『銀心中』

 都内で理髪店を営む石川喜一(宇野重吉)・佐喜枝(乙羽信子)夫婦の元に喜一の甥の珠太郎(長門裕之)が郷里から上京、住み込みで働くようになる。時は敗戦色濃い太平洋戦争末期、やがて喜一は徴兵を受け戦地へ。後を任された珠太郎は佐喜枝と共に必死で店を守るが、やがて珠太郎も戦地へ。入れ替わりに届いた喜一戦死の報を聞いた夜、店は空襲により失われる。やがて終戦、戦地より戻った珠太郎と再会した佐喜枝は寄る辺の無い我が身を憂え若い珠太郎に惹かれいつしか男女の仲へ、やがて二人は協力して働き理髪店を再興する。二人の働きで店も順調なある日、戦死したはずの喜一が帰ってくる。

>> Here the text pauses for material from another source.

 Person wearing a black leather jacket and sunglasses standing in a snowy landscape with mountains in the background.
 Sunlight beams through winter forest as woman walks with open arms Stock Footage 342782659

 新藤兼人監督の乙羽信子主演作品なので、乙羽信子の演技振りを中心に据えるのが映画の無難な鑑賞の仕方なのでしょう。本作、乙羽信子はシナリオ上は二役、実際な三役もの女性を演じている。と言うのは前半の佐喜枝と後半の佐喜枝が別人という言いたくなるような変化振りによる。前半「幸せ」と云う雰囲気、床屋の女将というあるべきところに収まり当たり前の如く主人に愛されている様子が清純派の姿を彷彿とさせる若奥様姿に対して後半、血の繋がらない若い甥への情念が自身ばかりか周囲も巻き込んで行く破滅的な女の姿、これ以降の彼女の姿は、その情念の行き着くところ予想通りの結末を迎えたお陰で存在する事は出来ないが、その最後を迎えた温泉街で彼女の一途な情念を嘲笑い彼女ばかりか俗世に対して過度に厭世的な故にやさぐれた感のある芸者の梅子*1の姿は或いは予想通りの結末を迎えなかった彼女の後の姿だったのかもしれない。元々追われる意味さえない男の姿を追った末の奇妙な「逃避行」、その結末を迎える雪深い温泉街以降、夫役の宇野重吉は登場しない。もしも「誰が一番悪い?(但し「戦争」抜かす)」という質問が出た場合、答えは「宇野重吉が演じる喜一」で問題ないかと。ただし面と向かって「なんで私たちを許すの! 優しすぎるあなたが一番いけないのよ!」と面罵する乙羽信子演じる佐喜枝は違う意味でやはりヒドイと思う。判っていてもそれを言っちゃいけない。そもそも、まだ男達誰も戦地に取られない家庭という単位としては最小限に当たる平和を楽しむ屋根の下、外では忍び寄る戦火の足音、この内と外との温度差が生み出すギャップに加えて「家族」の中に不自然なほどに溶け込んだ、夫婦にとって可愛い「甥」の存在がまだ夫役の宇野重吉がいるにもかかわらず既に微妙な異物感を醸しだし*2、「恐らくこれから起こるだろう」出来事の予感を既に空気として生み出している宇野重吉乙羽信子長門裕之が家族として同居する家は大変不思議で、この時点で既に異常だ。思い返すともうこの時点で乙羽信子の姿が怖い。
 やる場のない情念の行き着き果てる先として、「銀温泉*3」の雪深い風景、本来なら繁盛期を外れて閑散としているのが常、にもかかわらず時折用意されるお座敷の高揚が俗世間との隔絶を深めている。温泉場の常ならぬ隔世感がその場にいる、更に、或いは真に俗世間と離れざるを得ない一組の男女にとっては更なる世間との隔絶となること、その寒さが恐ろしいほど画面から伝わってくる温泉街という道具立ては見事だ。普段ならテツによる羨望の対象になる馬面電車*4にさえ揶揄する声を失ってしまう。それにしても本当に走っていた電車をそのまま使っているだけなのに演出っぽくなってしまうこの車両の存在は卑怯だな。まるで最後に登場して泣きながらさり気なく二人の関係と悲劇を総括している殿山泰司みたいだ。

*1:本当の意味での乙羽信子二役

*2:いくら甥っ子でも血の繋がってない乙羽信子の悪意のない馴れ馴れしさにはドキッとしちゃわない?